Various Types of Strategies
Different types of hedge fund strategies are discussed as follows:
Relative Value of Strategies: Relative value strategies are also known as non-directional strategies. These strategies attempt to locate profit relative pricing discrepancies between instruments such as equity, debt, option and futures. The risk of these strategies depends upon how closely related the securities bought and sold are. Generally, these strategies are characterized as having low volatility and little correlation with the market. Many Hedge Fund strategies employ these strategies with leverage and look for opportunities globally.
Equity Market Neutral: This strategy is the classic Hedge Fund strategy that A.W. Jones proposed. This strategy uses combination of long and short position on stocks. The strategy is purely market timing rather than stock picking and has no correlation with the market. On the basis of fundamental analysis and sometimes, technical analysis, fund managers take long and short position on the undervalued and overvalued stocks respectively, which are going to outperform and underperform the markets. Sometimes leverage facility can be accessed to boost the returns. Volatility expected from this strategy is usually low.

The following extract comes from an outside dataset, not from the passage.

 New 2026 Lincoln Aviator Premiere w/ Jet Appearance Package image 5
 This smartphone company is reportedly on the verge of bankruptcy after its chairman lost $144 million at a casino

Fixed Income Arbitrage: This strategy attempts to exploit mispricing among fixed income securities such as bonds, debts, treasury bills, etc., across global fixed assets markets and related derivatives. This strategy relies heavily on mathematical models of the term structure to identify mispricing and manage positions. Opportunities exist due to varying interest rates, tax residuals, yield curve irregularities, short-term volatility differences and arbitrage. Typically, a large amount of leverage is used for enhancing returns.
Convertible Arbitrage: Generally, convertible arbitrage strategy seeks to profit from arbitrage of the convertible or hybrid securities, usually bonds or preferential warrants converted into equity securities of the issuing company. This strategy profits by a long position on the convertible securities and short position on the underlying company stock.
Mortgage Arbitrage: It seeks to profit from the pricing difference between an underlying mortgage security and its credit quality, or high interest payment on early redemption, and their related derivatives. Historically, these securities presented investors with high yields with relatively low risk.
Stock Index Arbitrage: This strategy benefits from the spread available between index futures and the price of underlying securities. If the index future seems to be overvalued, the Fund manager takes long position on the basket of underlying stocks in cash the market replicating the index and short position on the index future contracts and waits till the price differential disappears, and then closes the positions at a profit.